__Requirement__
Starting with the line with "Building Photo - 800 Toro Canyon Rd" in the entries below and going on through the line with "Ángela Aguilar y", output every line exactly and nothing more. No pictures.

__Task input__
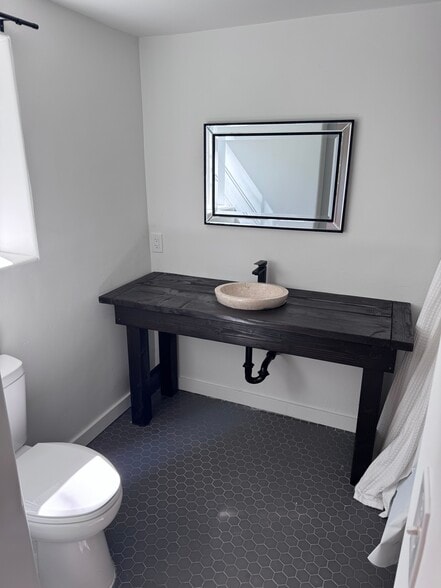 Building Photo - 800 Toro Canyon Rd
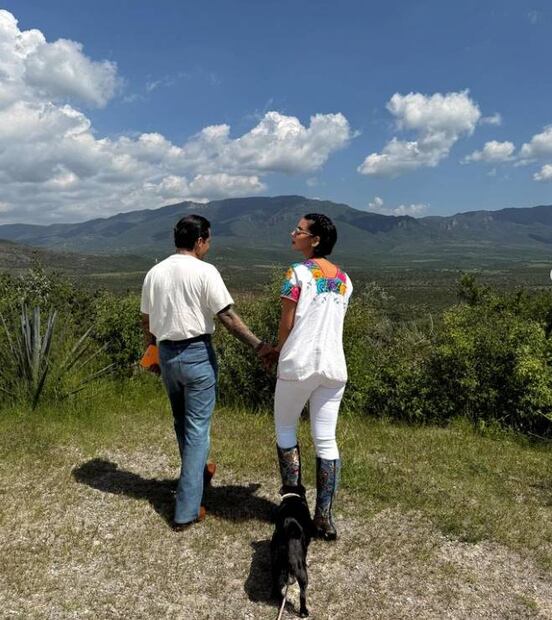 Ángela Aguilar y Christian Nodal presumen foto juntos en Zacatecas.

...

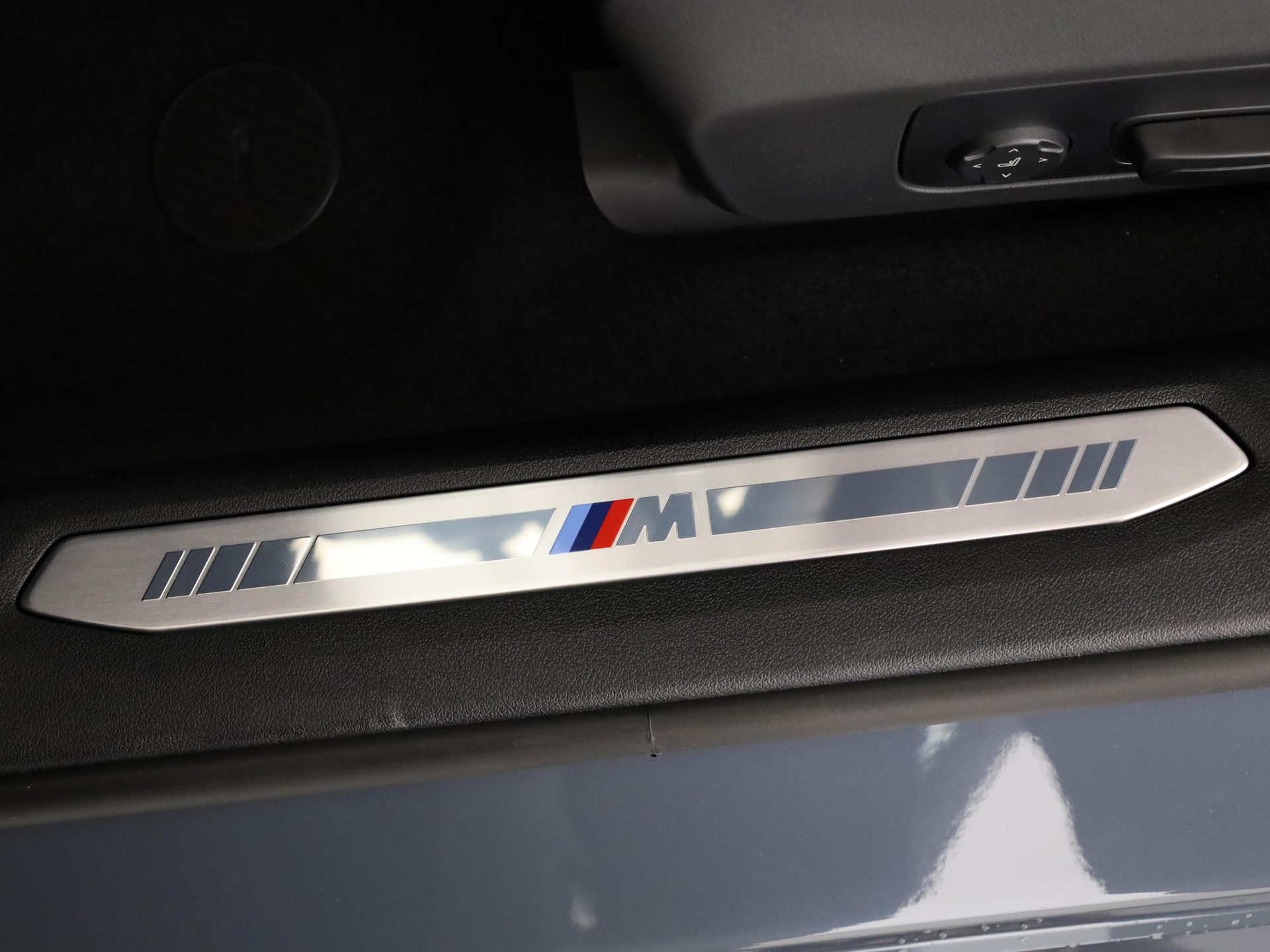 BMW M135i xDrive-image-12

...

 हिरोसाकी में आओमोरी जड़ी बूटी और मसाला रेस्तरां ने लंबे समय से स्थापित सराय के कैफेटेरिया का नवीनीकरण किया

__Response__
 Building Photo - 800 Toro Canyon Rd
 Ángela Aguilar y Christian Nodal presumen foto juntos en Zacatecas.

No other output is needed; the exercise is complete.